Une habitante nous montre sur son téléphone le photomontage avec les trois mâts à deux pas de sa maison.
"C'est la vue de la cuisine de la maison dans laquelle ma famille habite depuis plus de 70 ans. C'est déplorable"
Pour faire réagir la population, l'association a mis à disposition les documents qui étaient dans la demande d'autorisation d'exploiter et a mis dans les boites aux lettres des habitants une synthèse avec le photomontage de l'aire immédiate. Soit 20 des 1500 pages du dossier technique déposé par la société Escofi.
Les réactions ont été vives. Une pétition a circulé et a rapidement collecté plus de 200 signatures d'habitants de la commune (un quart de la population), près de 450 avec celles des bourgs environnants.
La maire du village essaie désormais de temporiser
A mois de septembre 2020, lorsque l'association a eu connaissance du photomontage dit réaliste du porteur de projet, des membres ont souhaité rencontrer la maire. Celle-ci leur a cependant répondu, le 4 novembre, qu'elle ne voyait pas "de plus-value à les rencontrer".
Aujourd’hui, sa position évolue. "La notion d’acceptabilité de la population, jusqu'à présent, nous pensions que nous l'avions avec des bémols qui ont été écrits et que nous connaissions notamment via l'association la Voix de Javerdat.
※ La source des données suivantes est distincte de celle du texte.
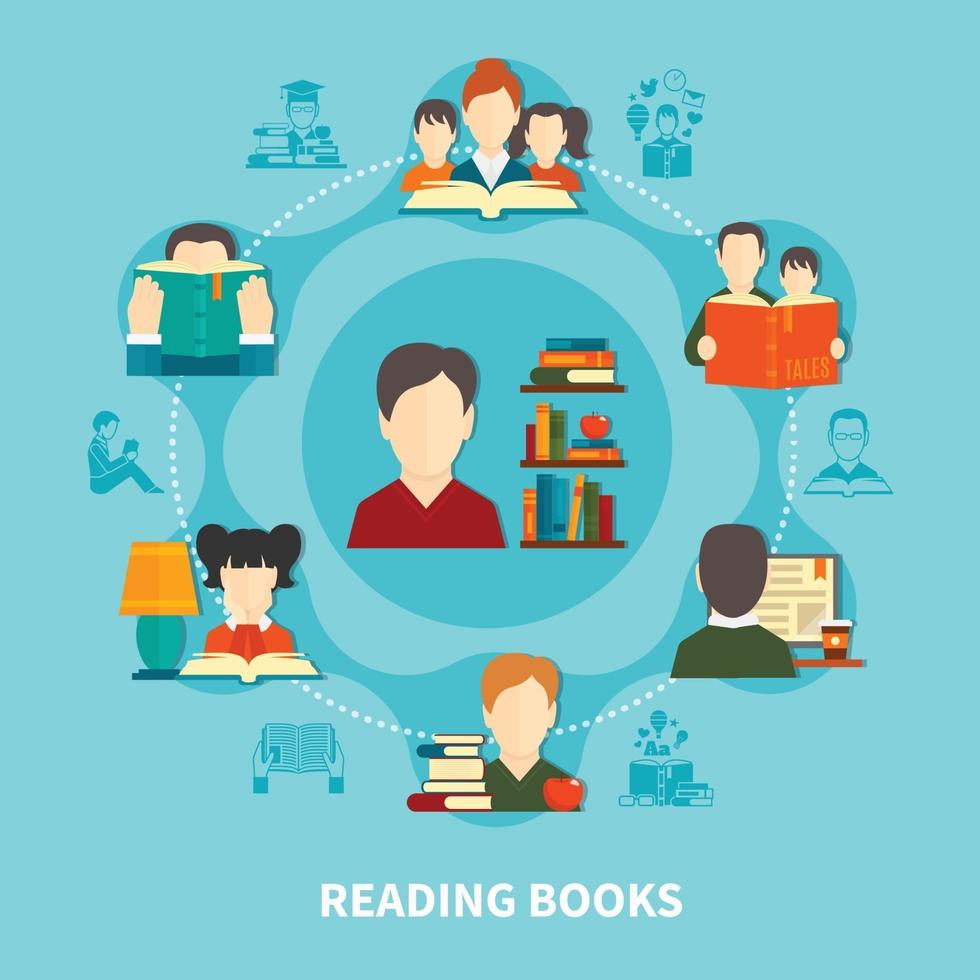 Reading Books Round Composition vector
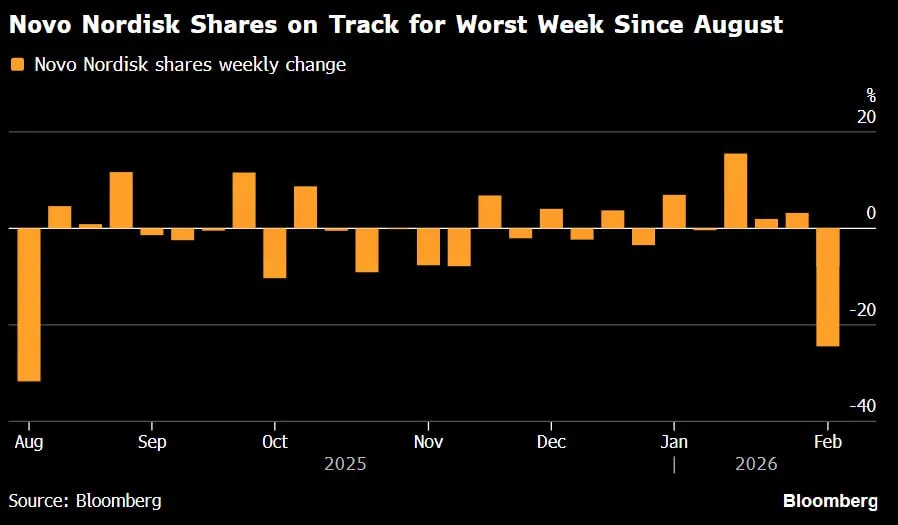 🚨 Novo Nordisk sotto pressione: arrivano i copycat low-cost 💊
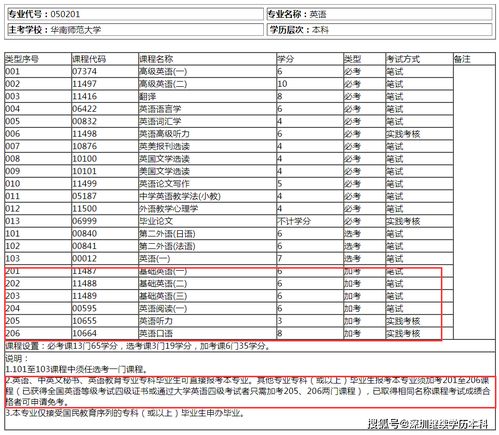 自考本科的選考加考要全部考嗎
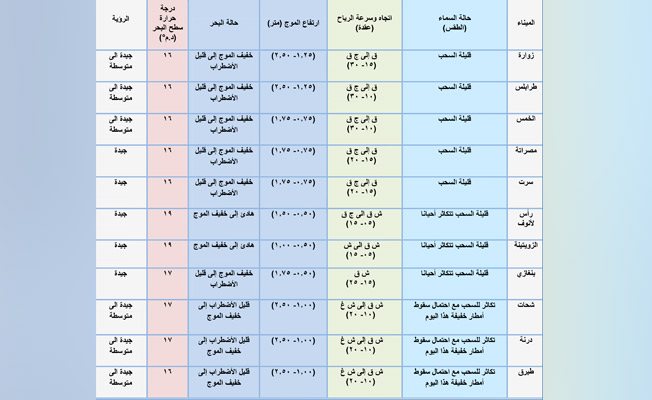 جدول بأحوال الطقس على عدد من المدن الليبية ليوم الإثنين، 22 فبراير 2021. (المركز الوطني للأرصاد)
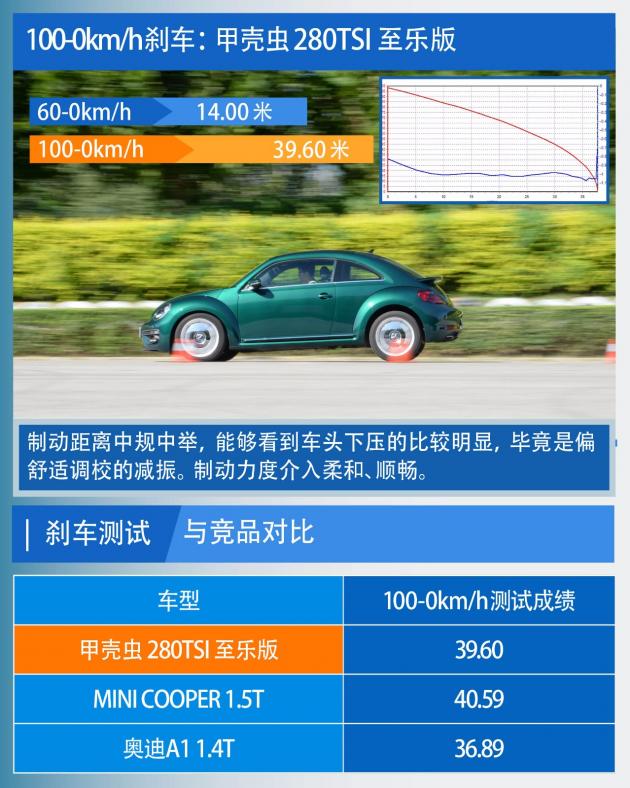 大众甲壳虫2018纵乐版,甲壳虫路上回头率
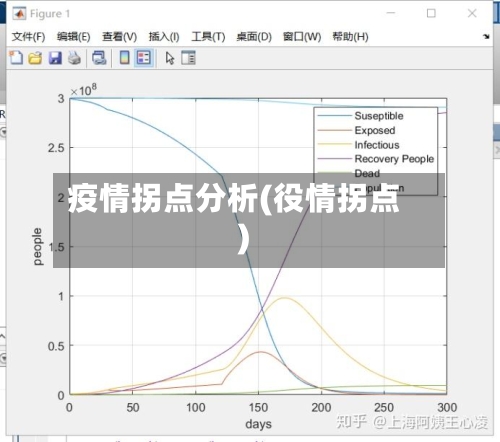 疫情拐点分析(役情拐点)-第2张图片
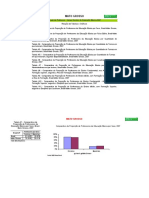 Graficos Mato Grosso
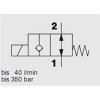 WSM06020YR-01-C-N-24DG,WSM06020YR-01-C-N-230AG,HYDAC電磁2/2方向座閥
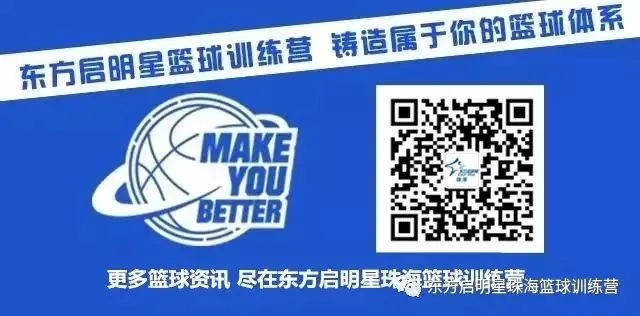为什么互动训练有助于提高篮球比赛表现_1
Mais là, il est vrai que la contestation a été d'une autre ampleur et qu'il faut que nous reconsidérions".
Une reconsidération qui visiblement va lui échapper puisque c'est la préfète qui valide ou non le dossier. Les opposants lui reprochent également son départ imminent de ses fonctions, programmé le 1er avril, ce qui ne contribue pas à apaiser les tensions selon eux. Alors la maire veut témoigner de sa bonne foi en s'abritant derrière les études et le long travail mené en amont.
" L'association la voix de Javerdat nous a présenté hier soir en conseil municipal une analyse réalisée en un mois sur l'impact sur notre environnement. Cette analyse est très bien faite, je le reconnais, mais dans le même temps j'ai aussi devant moi un travail de 2 ans d'études d'impacts qui a coûté près de 400 000 euros faite par des professionnels avec un cahier des charges précis. Je ne suis pas en capacité de dire quelle est la plus pertinente pour notre projet. La DREAL a dit : le dossier est réputé complet, pertinent. L'enquête publique va nous dire s'il y a des trous dans la raquette".
La maire déplore également que l’analyse de l'association soit basée sur des problématiques individuelles et pas sur l'intérêt général.
C'est un projet de 5 ans contre une démarche associative locale
Annie Dardilhac, maire de Javerdat
Comment sortir de l'impasse ?
Les opposants réclament un échange démocratique plus constructif avec la municipalité et la révision du projet. "Javerdat c'est 2500 hectares, il doit y avoir moyen de faire ce projet ailleurs avec un impact moindre sur la population" plaident-ils.
Les conclusions de l'enquête publique seront remises à la mairie par les services de l'Etat fin janvier 2023. Il dira si le projet peut se faire, s'il doit être abandonné ou amélioré. A la suite de quoi, c'est la préfète qui tranchera en mars.